Officials to announce second program to get guns off Toledo streets

6/30/2011
BLADE STAFF
Emergency crews respond to a report of a midday shooting of a woman in the 800 block of Locust Street in North Toledo.
Emergency crews respond to a report of a midday shooting of a woman in the 800 block of Locust Street in North Toledo.

Just days after Police Chief Mike Navarre announced the creation of a task force to address a rash of shootings in Toledo, federal, state, and local law enforcement agencies have launched a second initiative with a similar aim.

On Wednesday, the new multi-agency team hit the streets, arresting 19 individuals and seizing two guns, according to Toledo Police.

At 3 p.m. Thursday, officials are gathering at the U.S. Attorney’s Office in Toledo to announce details of the Violence Gun Reduction and Interdiction program, known as V-GRIP. The program, which has been implemented successfully in the Youngstown-Warren area, involves increasing patrols in trouble spots, targeting enforcement through the cooperation of federal, state, and local agencies, and increasing federal prosecution for gun offenses, which generally carries tougher prison sentences.

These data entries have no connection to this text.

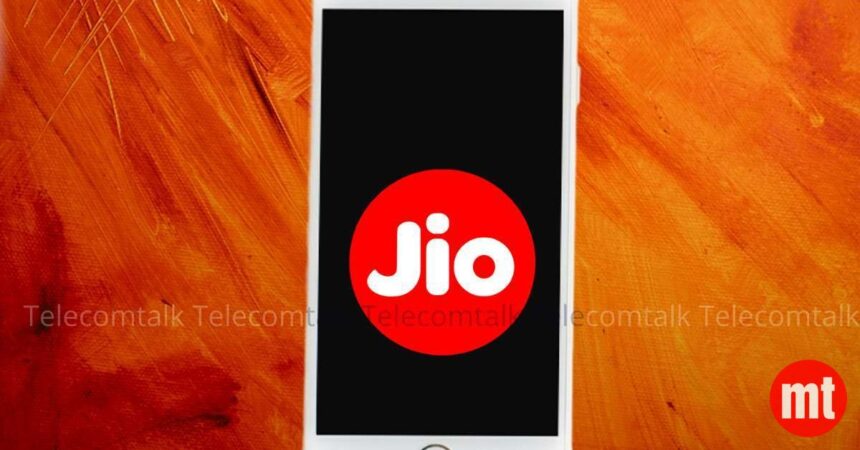 Jio Launches the Gaming Prepaid Plan at ₹399 with Free Cloud Gaming Jio Launches the Gaming Prepaid Plan at ₹399 with Free Cloud Gaming | The Mobile Times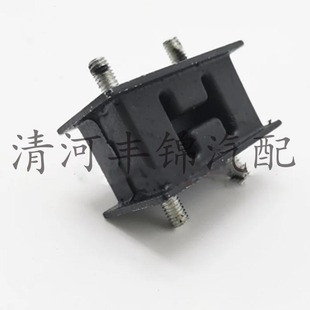 17567-17020 适用丰田考斯特 排气管缓冲胶垫 排气吊耳 机脚胶-阿里巴巴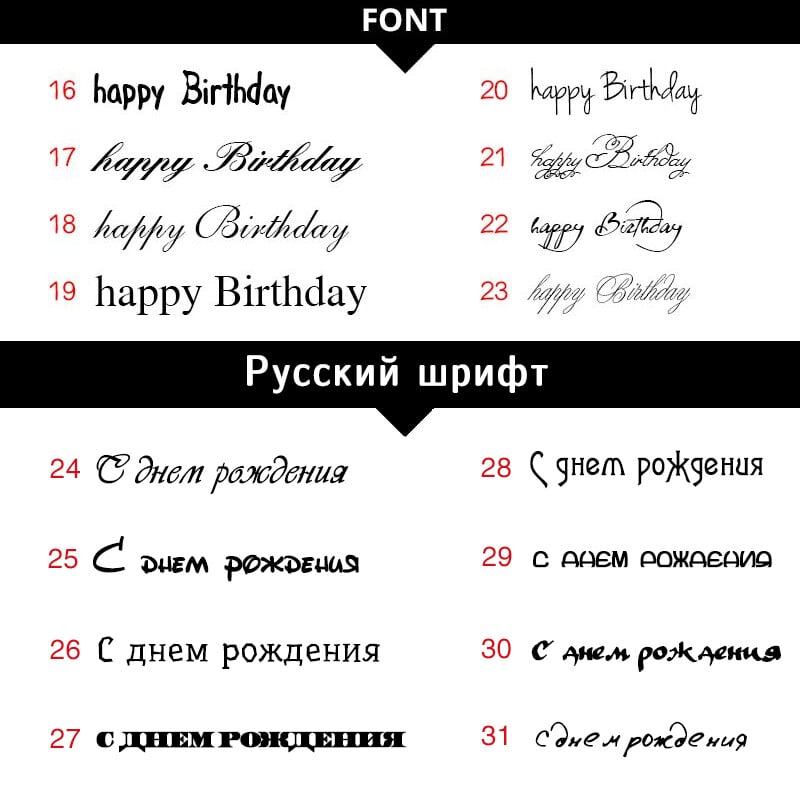 Nova zlatna olovka u prahu za živi pijesak Metalna kreativna kemijska olovka Rođendanske olovke Prilagođeni logotip Personalizirani darovi Školski pribor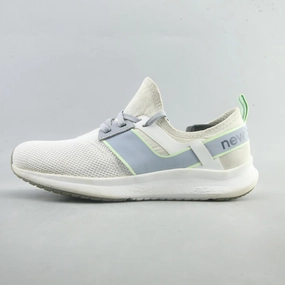 NEW BALANCE FUELCORE NERGIZE SPORT V1 Tenis New Balance Niñas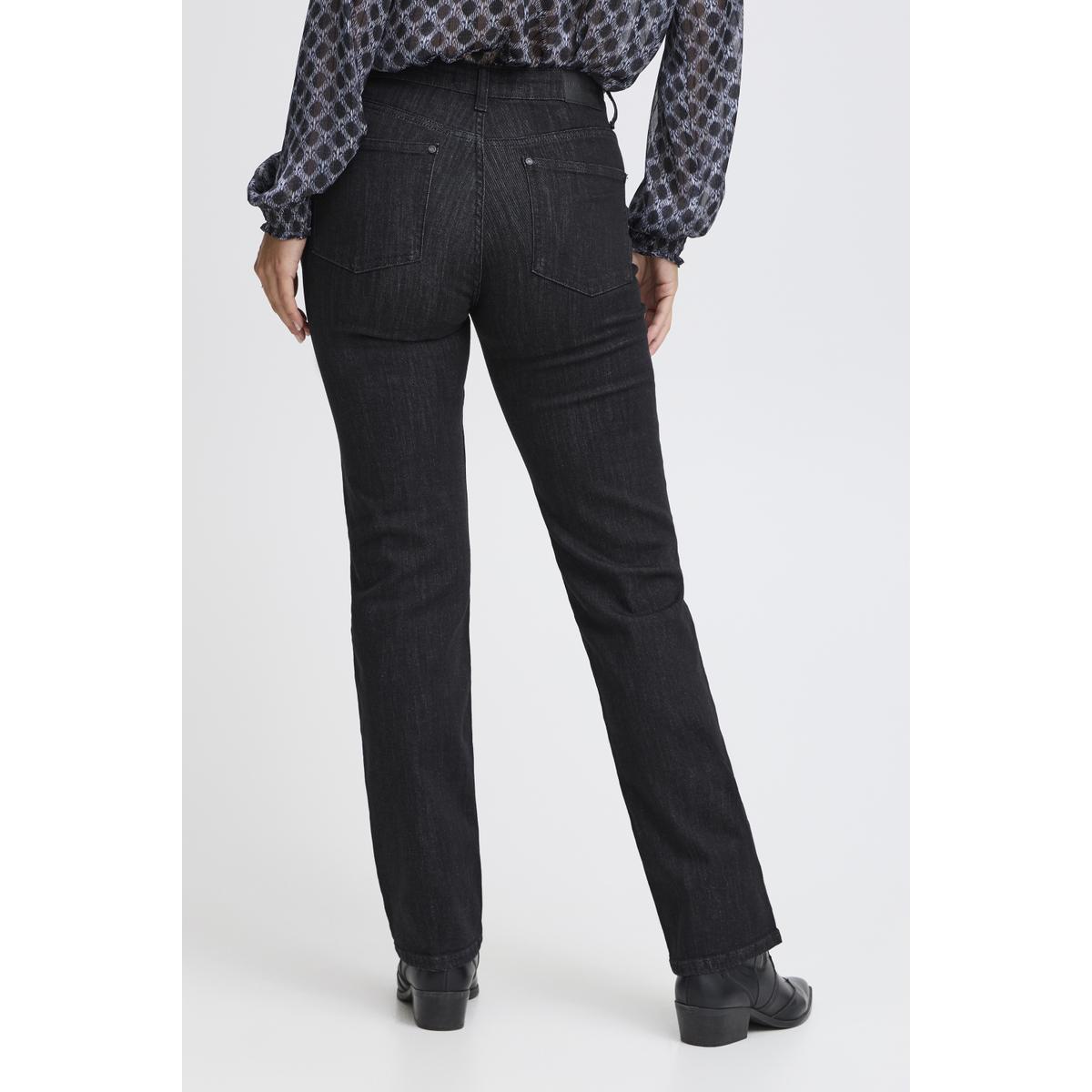 product/p/u/pulz-jeans_50208638-200004_6.jpg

V-GRIP was first used in Youngstown, Ohio in 2003 and was reinstituted in Mahoning and Trumbull counties last summer. Federal officials credited V-GRIP with the seizure of 154 illegal firearms, 21 federal indictments, and 21 convictions with an average prison sentence of just less than four years.

Toledo Police Deputy Chief Derrick Diggs said Thursday that the department had been planning to bring V-GRIP to town. With some 27 shootings in the city in June — one of which was fatal — the need for the program became more urgent.

“We’ve been planning this for at least a couple months,” he said.

On Monday, Chief Navarre announced the creation of a task force aimed at getting guns off the streets. As part of that initiative, police will pay overtime for more patrols in key crime areas late at night and early in the morning and offer a $2,500 reward for information in recent shootings and a $1,000 reward for information that leads to the conviction of individuals in possession of illegal firearms.

“Is there some overlap? Is there some coordination? There probably will have to be, but it’s really two different initiatives trying to address the problems we have with gangs and guns in the summer,” Deputy Chief Diggs said.